Source: L’Echo 21/10/20

“Les trackers sont beaucoup plus démocratiques que les fonds. Que vous soyez puissant ou misérable, vous paierez les mêmes coûts”, lance Deborah Fuhr. Après une carrière auprès de la plus grande usine de trackers au monde, “Mrs ETF” dirige, depuis huit ans déjà, son propre bureau d’analyse, ETFGI.

En mars, en plein milieu de la crise du coronavirus, les fonds (indiciels) cotés – Exchange Traded Funds (ETF) – mieux connus sous l’appellation “trackers” – ont soufflé leurs 30 bougies. Aujourd’hui,
les ETF représentent au niveau mondial plus de 5.000 milliards de dollars, même s’ils restent encore le “petit frère” des fonds d’investissement traditionnels. “Mais ce petit frère grandit
rapidement”, prévient Deborah Fuhr.

“Aux États-Unis, alors que les fonds traditionnels ont mis 66 ans pour atteindre le cap de 1.000 milliards de dollars d’actifs, les trackers n’ont eu besoin que de 18 ans pour le franchir. Le secteur double tous les cinq ans“,
poursuit-elle. Deborah Fuhr est la fondatrice d’ETFGI, un bureau d’analyse indépendant qui fournit des rapports sur le marché mondial des ETF. Il réalise des études destinées aux investisseurs institutionnels,
mais aussi aux émetteurs d’ETF et fournisseurs d’indices.
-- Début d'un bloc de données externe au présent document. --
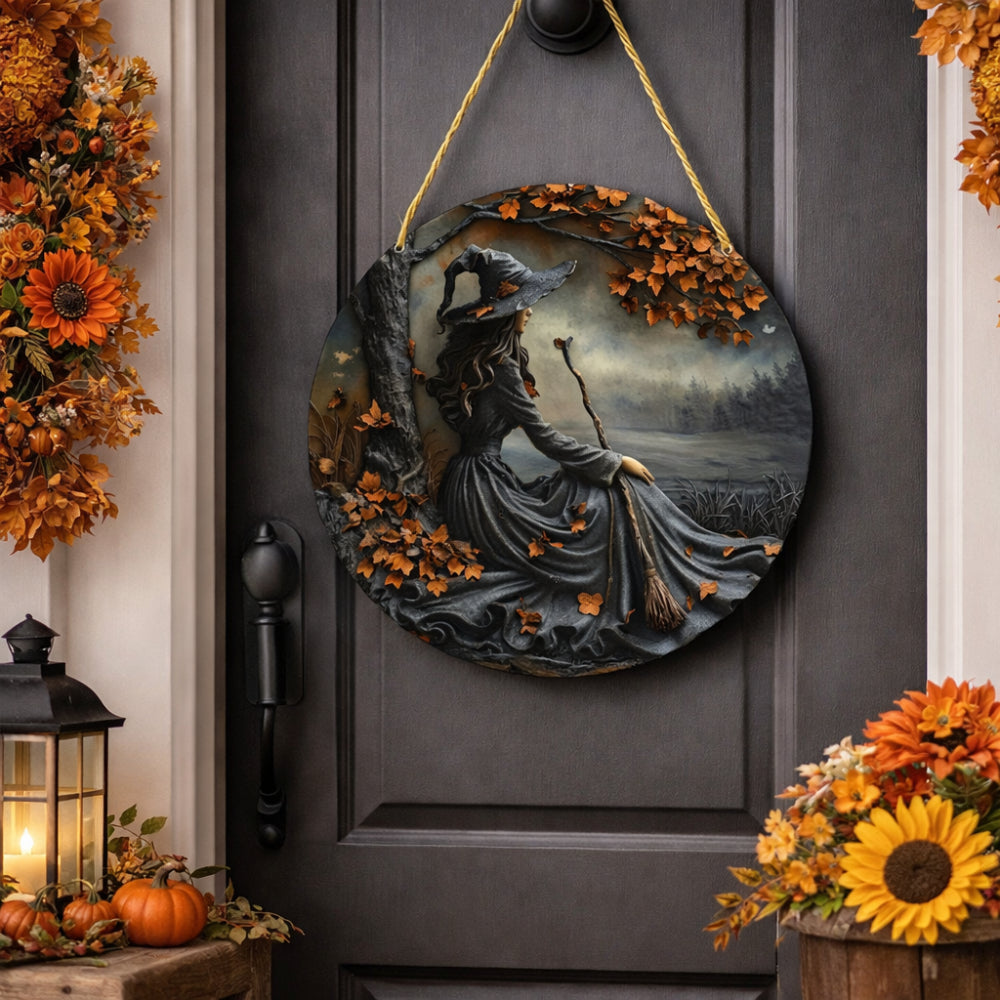 Wall Art Witch Folklore Wood Door Hanging Sign | Meowbutter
Avant de créer son entreprise en 2012, Deborah Fuhr a été entre autres responsable du développement du segment des ETF chez BlackRock et Barclays Global Investors. Une expérience
passionnante, mais elle cherchait surtout à être indépendante, ce qui l’a poussée à créer ETFGI. “L’indépendance a des avantages. Maintenant, je peux définir moi-même mes
priorités”, explique-t-elle.

En tant que femme travaillant dans un milieu typiquement masculin, elle défend également l’équilibre des genres dans le secteur des fonds. En 2013, elle a créé avec quatre autres femmes “Women in ETFs“,
une organisation qui défend la diversité et l’inclusion dans le secteur financier. “Aujourd’hui, l’organisation compte déjà 6.400 membres”, poursuit-elle avec beaucoup d’enthousiasme.

Comment les trackers ont-ils “digéré” ces derniers mois?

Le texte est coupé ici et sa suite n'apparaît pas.